DATA EXTRACT.
--------------------
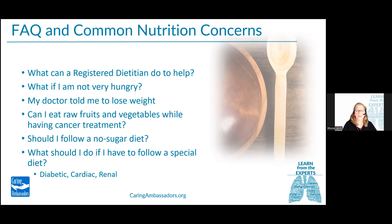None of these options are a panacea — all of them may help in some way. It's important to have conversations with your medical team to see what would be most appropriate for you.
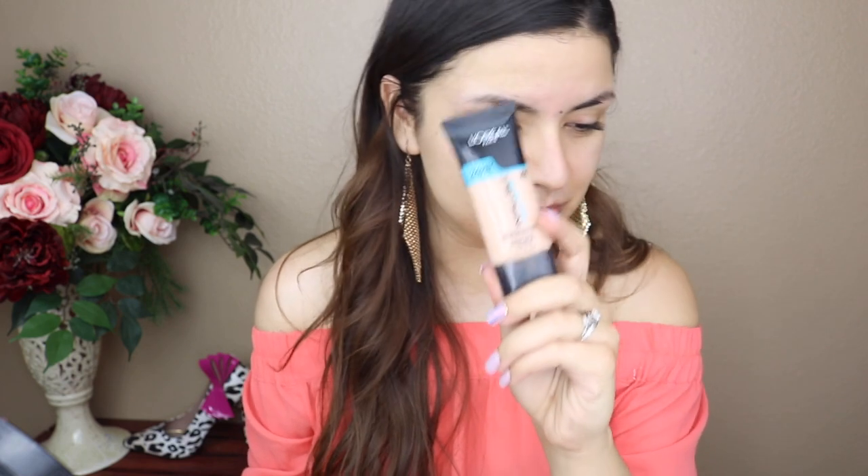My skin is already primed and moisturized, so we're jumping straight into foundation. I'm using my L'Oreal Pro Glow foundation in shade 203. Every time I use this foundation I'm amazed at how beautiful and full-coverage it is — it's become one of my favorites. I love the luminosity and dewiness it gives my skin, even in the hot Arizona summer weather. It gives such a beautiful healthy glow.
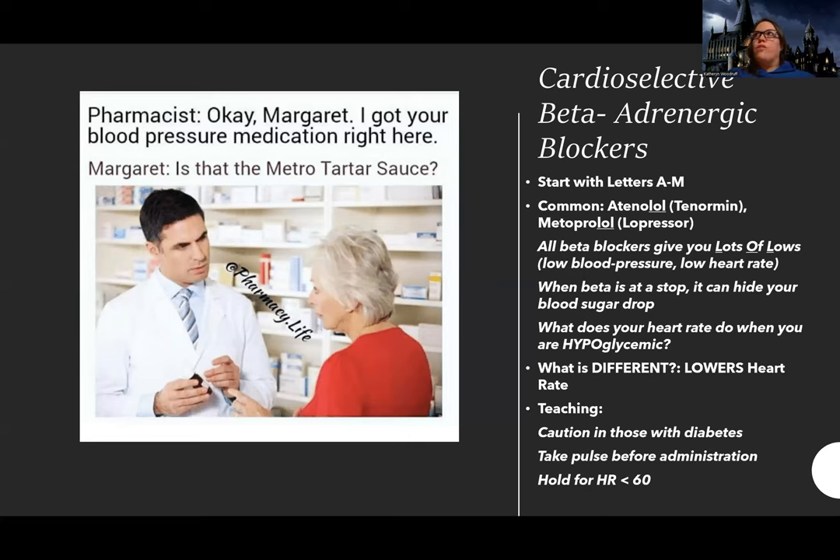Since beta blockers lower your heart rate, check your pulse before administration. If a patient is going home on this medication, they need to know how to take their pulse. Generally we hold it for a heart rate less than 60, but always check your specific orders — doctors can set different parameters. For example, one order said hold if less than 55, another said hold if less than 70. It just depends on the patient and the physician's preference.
--------------------
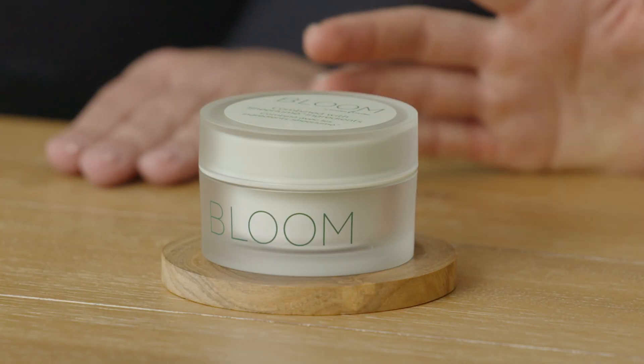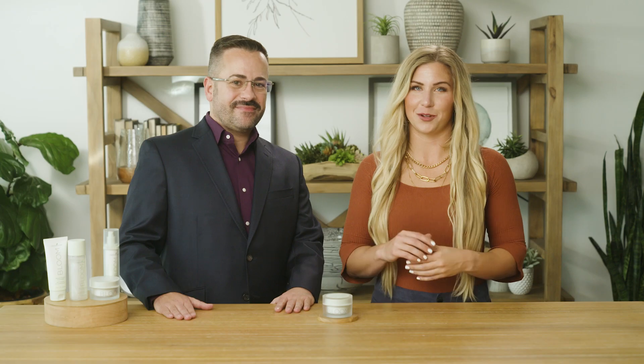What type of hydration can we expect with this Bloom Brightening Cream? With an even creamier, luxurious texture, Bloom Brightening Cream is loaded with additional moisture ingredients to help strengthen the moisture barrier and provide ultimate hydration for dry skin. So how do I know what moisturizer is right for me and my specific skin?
--------------------
EXERCISE DETAILS. In the listing above, find the line containing "None of these" and the line containing "My skin is already". Reproduce those lines and all between them exactly, with no pictures and nothing more.

REPLY TO THE TASK.
None of these options are a panacea — all of them may help in some way. It's important to have conversations with your medical team to see what would be most appropriate for you.
My skin is already primed and moisturized, so we're jumping straight into foundation. I'm using my L'Oreal Pro Glow foundation in shade 203. Every time I use this foundation I'm amazed at how beautiful and full-coverage it is — it's become one of my favorites. I love the luminosity and dewiness it gives my skin, even in the hot Arizona summer weather. It gives such a beautiful healthy glow.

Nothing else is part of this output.